Gelman, A., Hullman, J., & Kennedy, L. (2023). Causal quartets: Different ways to attain the same average treatment effect. arXiv preprint arXiv:2302.12878.

Hullman J (2023). causalQuartet: Create Causal Quartets for Interrogating Average Treatment Effects. R package version 0.0.0.9000.

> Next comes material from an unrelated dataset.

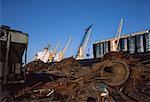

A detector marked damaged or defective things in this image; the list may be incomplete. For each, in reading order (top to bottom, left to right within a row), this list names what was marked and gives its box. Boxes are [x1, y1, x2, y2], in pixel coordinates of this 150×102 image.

rusty hopper car [0, 25, 28, 91]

Matejka, J., & Fitzmaurice, G. (2017). Same Stats, Different Graphs: Generating Datasets with Varied Appearance and Identical Statistics through Simulated Annealing. CHI 2017 Conference proceedings: ACM SIGCHI Conference on Human Factors in Computing Systems. Retrieved from https://www.autodesk.com/research/publications/same-stats-different-graphs

Rohrer, Julia M., and Ruben C. Arslan. “Precise answers to vague questions: Issues with interactions.” Advances in Methods and Practices in Psychological Science 4.2 (2021): 25152459211007368.